Все, никогда ее не имевшие, вовсе не жили.
И в Орловке можно жить с тревожно бьющимся сердцем.
И в Париже можно жить без всякого волнения.
Всё зависит от нас — не от нас, желающих чего-нибудь, а от нас, всегда чувствующих себя, ощущающих каждое биение своего сердца.
Понятны Вам мои слова?
Природа и книги, — выше и ярче нет ничего. Музыка, музеи, книги, розовые вечера и розовые утра, вино, бешеная езда, — все это мне необходимо, ибо только тогда я живу, когда чувствую в себе дрожь яркого переживания.
Всё остальное — самообман.
Я не боюсь пошлости, так как знаю, что ее во мне нет.
Я боюсь одного в мире — минуты, когда во мне замирает жизнь.
Это — расплата за каждый праздник. И тогда я бессильна перед жизнью. Кроме такого мгновенного затишья нет для меня ничего страшного, потому что я чувствую в себе бесконечный восторг перед каждым облачком, напевом, поворотом дороги.

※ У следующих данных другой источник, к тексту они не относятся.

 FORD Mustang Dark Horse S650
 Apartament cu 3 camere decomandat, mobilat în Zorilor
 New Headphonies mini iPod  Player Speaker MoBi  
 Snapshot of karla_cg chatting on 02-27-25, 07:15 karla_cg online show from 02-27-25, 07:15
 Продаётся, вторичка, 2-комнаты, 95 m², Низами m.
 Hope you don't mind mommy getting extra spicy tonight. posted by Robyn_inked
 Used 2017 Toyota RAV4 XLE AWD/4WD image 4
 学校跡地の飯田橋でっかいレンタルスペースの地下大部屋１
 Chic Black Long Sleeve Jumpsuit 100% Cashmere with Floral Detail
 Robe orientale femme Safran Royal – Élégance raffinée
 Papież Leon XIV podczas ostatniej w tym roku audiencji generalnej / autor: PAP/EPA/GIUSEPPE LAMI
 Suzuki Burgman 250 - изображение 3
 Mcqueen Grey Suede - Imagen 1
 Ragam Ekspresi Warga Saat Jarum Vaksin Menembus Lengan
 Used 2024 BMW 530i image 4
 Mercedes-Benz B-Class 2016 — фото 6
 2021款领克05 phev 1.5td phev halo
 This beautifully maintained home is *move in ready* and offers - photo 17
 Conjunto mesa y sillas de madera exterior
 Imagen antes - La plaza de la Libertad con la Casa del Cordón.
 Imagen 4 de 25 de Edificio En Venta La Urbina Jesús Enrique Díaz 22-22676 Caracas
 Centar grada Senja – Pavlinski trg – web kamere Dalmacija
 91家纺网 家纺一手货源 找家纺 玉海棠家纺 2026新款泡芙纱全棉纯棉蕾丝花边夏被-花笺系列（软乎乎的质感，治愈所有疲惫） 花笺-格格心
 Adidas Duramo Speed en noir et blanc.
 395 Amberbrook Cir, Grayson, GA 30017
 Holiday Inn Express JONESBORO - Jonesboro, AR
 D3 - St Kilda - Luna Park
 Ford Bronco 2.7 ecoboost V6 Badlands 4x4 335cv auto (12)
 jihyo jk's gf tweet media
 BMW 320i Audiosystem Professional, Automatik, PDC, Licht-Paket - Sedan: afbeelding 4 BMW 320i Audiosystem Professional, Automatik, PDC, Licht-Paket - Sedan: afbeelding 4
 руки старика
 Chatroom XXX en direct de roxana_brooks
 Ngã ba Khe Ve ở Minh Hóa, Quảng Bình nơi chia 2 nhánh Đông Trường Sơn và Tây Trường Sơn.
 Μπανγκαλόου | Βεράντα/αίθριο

И вот, Петя, мне хотелось бы и Вам передать свою сладкую способность вечно волноваться.
Мне хотелось бы, чтобы Вы, благодаря мне, пережили многое — и не забыли его.
Верьте и доверьтесь мне.
Я много перемучалась. Вспомните то, что я говорила о расплате за праздники.
Читайте, Понтик, Манна и д'Аннунцио и читая вспоминайте меня. Это мне будет большой радостью.
Ни один человек, встретившийся со мною, не должен уйти от меня с пустыми руками.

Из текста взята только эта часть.